With thanks to the BBC.
Source: http://theconsultingdetectivesblog.com/2016/01/02/the-night-manager-first-look-at-bbc-drama-starring-hugh-laurie-and-tom-hiddleston/the-night-manager-3/#main
tags: CONSULTING DETECTIVE, NIGHT MANAGER, THE NIGHT MANAGER, HUGH LAURIE
The Night Manager, adapted by the BBC and due to be screened later this year, will star Hugh Laurie, Tom Hiddleston, Elizabeth Debicki, Olivia Colman and Tom Hollander Photo: Mitch Jenkins/The Ink Factory/AM
It is the first television adaptation of a John le Carre novel for 20 years and in a treat for fans, the BBC production of The Night Manager even features a cameo appearance by the writer himself.
But the real surprise in store is that the character of the leading man has been transformed into a leading woman.
New pictures of the drama, the first time the Le Carre novel has ever been adapted for the small screen, were released today.
'Not only did they have to rethink the gender of the character, but also incorporate the fact that she is pregnant'
Olivia Colman has been cast in the role of the main role, Burr, in a bid to bring the story up to date and to add a new chemistry between Burr and Roper, played by Richard Onslow.
“Angela Burr was initially written as a man in the book, so not only did they have to rethink the gender of the character, but also incorporate the fact that she is pregnant,” said Colman, who filmed the role while expecting her third child, a daughter who was born in August.
Susanne Bier, the show’s director, said: “We had decided that Burr should be played by a woman, rather than a man as in the book, because we thought there was an exciting chemistry between a woman and a man engaging in the power struggle that Roper and Burr have.”
John le Carré (pointing) makes a cameo appearance in a restaurant scene filmed in Mallorca
The switch of genders comes after Emma Rice, the new artistic director of the Globe theatre in London, announced that she will be renaming an upcoming production of Cymbeline to Imogen to highlight the role of Cymbeline’s daughter.
"Imogen speaks three times more lines than Cymbeline so it really is her story,” Rice said last week. “We are saying women have a strong narrative in these plays."
Instead of being based in South and Central America, the new le Carre adaptation will be set in the Middle East in the age of the Arab Spring in Cairo, with Hugh Laurie taking the role of Richard Onslow Roper and Tom Hiddleston as Jonathan Pine.
Not only has Le Carre offered his approval for the changes, he is so enthused he has appeared as an extra in the television drama.
'I’d worshipped le Carré since I was a teenager, but this story, in particular, I found endlessly intriguing, powerful and romantic, mythic almost'
Hugh Laurie
Photographs from set show him dining with Roper and Pine in a Mallorcan restaurant, dressed in a smart suit.

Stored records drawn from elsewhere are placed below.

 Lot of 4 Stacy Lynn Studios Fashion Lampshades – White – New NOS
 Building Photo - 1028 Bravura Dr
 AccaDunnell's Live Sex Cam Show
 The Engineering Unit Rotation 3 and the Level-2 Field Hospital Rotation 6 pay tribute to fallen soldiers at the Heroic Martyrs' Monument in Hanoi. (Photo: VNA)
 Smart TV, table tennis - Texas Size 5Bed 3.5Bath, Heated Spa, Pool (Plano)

The adaptation, due to be shown later this year, will tell the story of a former soldier-turned hotel night manager, who becomes embroiled in arms dealing, murder and the British intelligence service.
Hugh Laurie had vowed to make the book an adaptation for years, after reading the novel when it was first released.

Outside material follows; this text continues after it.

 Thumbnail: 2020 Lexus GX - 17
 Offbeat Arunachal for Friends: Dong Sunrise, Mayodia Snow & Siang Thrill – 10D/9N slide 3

He said: “I fell in love with this book when I first read it back in 1993. I’d worshipped le Carré since I was a teenager, but this story, in particular, I found endlessly intriguing, powerful and romantic, mythic almost.”

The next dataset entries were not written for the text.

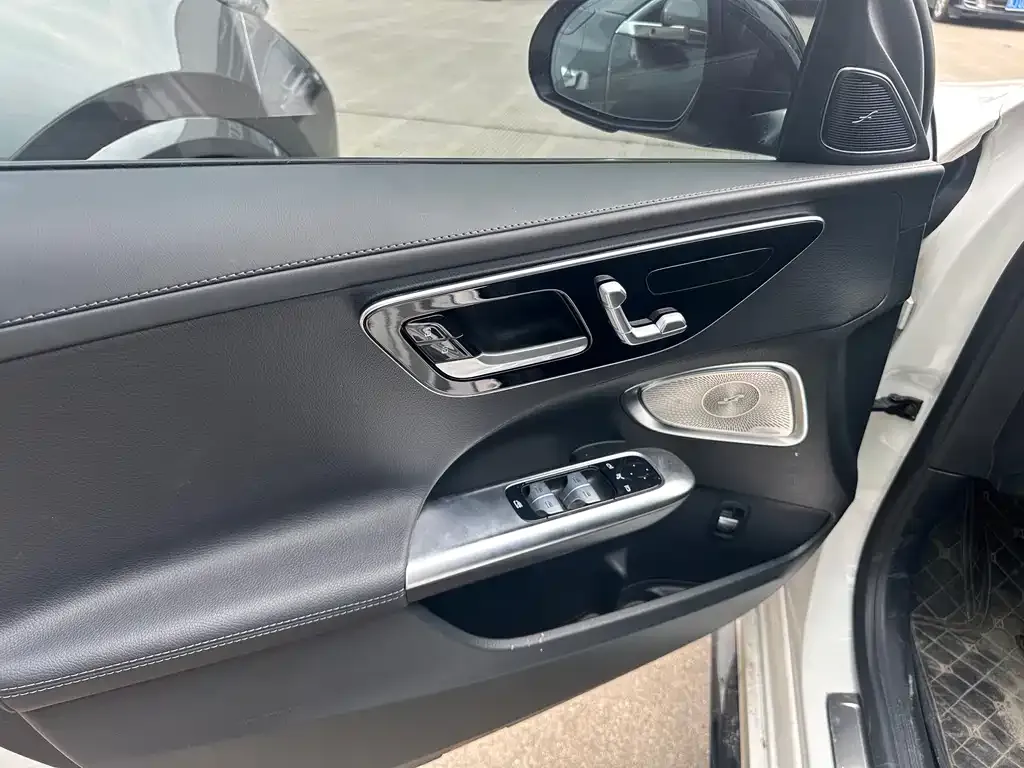 Mercedes-Benz C-Class 2025 из CN, фото 3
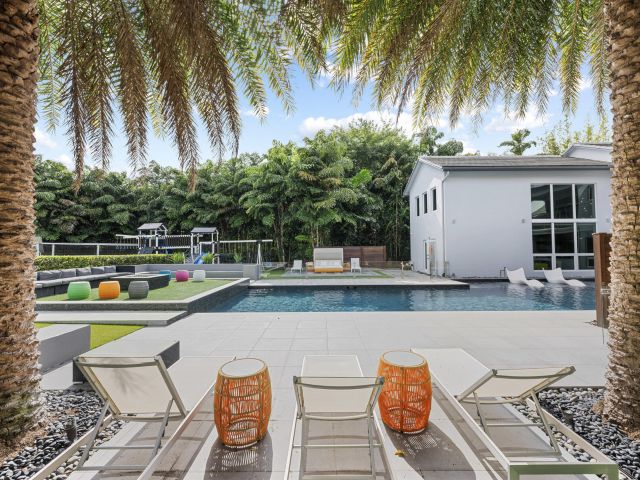 Продажа дома по адресу 7047 San Sebastian Circle - фото 5842926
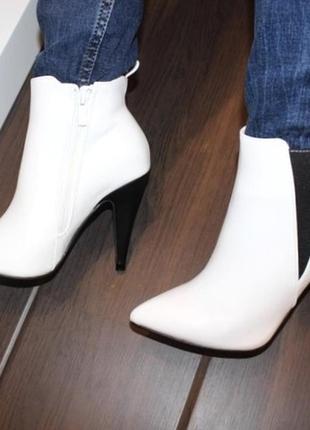 Жіночі черевики білі на каблуці шкіряні модельні ботильйони (р...
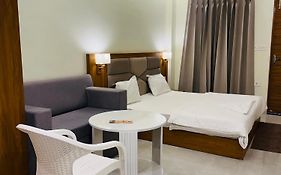 Hotel Rishikesh Paradise - Best Stay In Tapovan , Guests Favourite,Travellers Delight !!
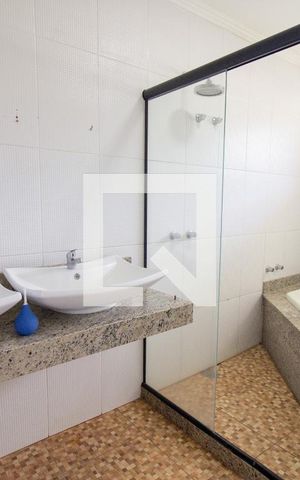 Casa à venda com 350m², 3 quartos e 1 vaga Casa à venda com 350m², 3 quartos e 1 vagaBanheiro da Suíte 1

It was filmed in locations including Mallorca, Morocco, London and Devon, with a newly-released group photograph showing a very modern cast.
Colman had already been signed up for the show before she announced she was pregnant
The scriptwriters adapted the storyline to fit in with her circumstances, with the actress clearly pregnant in publicity shots.
The original Burr is introduced in the novel as a no-nonsense. Le Carre describes him as “an artist and a rebel … When he troubled to dress himself for an occasion, he only contrived to look more disreputable than when he wasn’t bothering.”